▶ **SUPPLIED DATA**
········

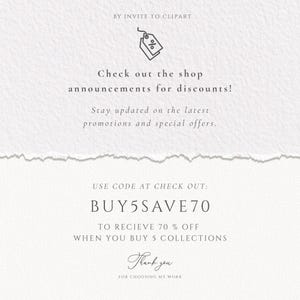 May include: A white textured card featuring the text BY INVITE TO CLIPART, Check out the shop announcements for discounts!, Stay updated on the latest promotions and special offers., USE CODE AT CHECK OUT: BUY5SAVE70 TO RECIEVE 70 % OFF WHEN YOU BUY 5 COLLECTIONS, Thank you FOR CHOOSING MY WORK, and a price tag icon.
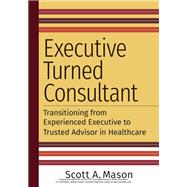 Executive Turned Consultant: Transitioning from Experienced Executive to Trusted Advisor in Healthcare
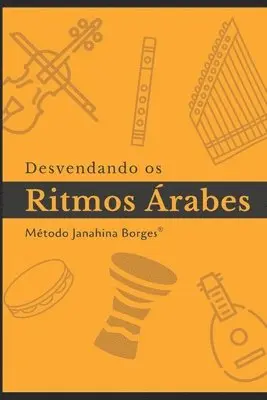Janahina Borges - Desvendando os Ritmos Árabes, Häftad. Tillgänglighet: Lägg i varukorg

········

▶ **WHAT TO WORK ON**
In your copy of the listing, please omit the pictures and keep every word exact.

▶ **TASK RESULT**
 May include: A white textured card featuring the text BY INVITE TO CLIPART, Check out the shop announcements for discounts!, Stay updated on the latest promotions and special offers., USE CODE AT CHECK OUT: BUY5SAVE70 TO RECIEVE 70 % OFF WHEN YOU BUY 5 COLLECTIONS, Thank you FOR CHOOSING MY WORK, and a price tag icon.
 Executive Turned Consultant: Transitioning from Experienced Executive to Trusted Advisor in Healthcare
Janahina Borges - Desvendando os Ritmos Árabes, Häftad. Tillgänglighet: Lägg i varukorg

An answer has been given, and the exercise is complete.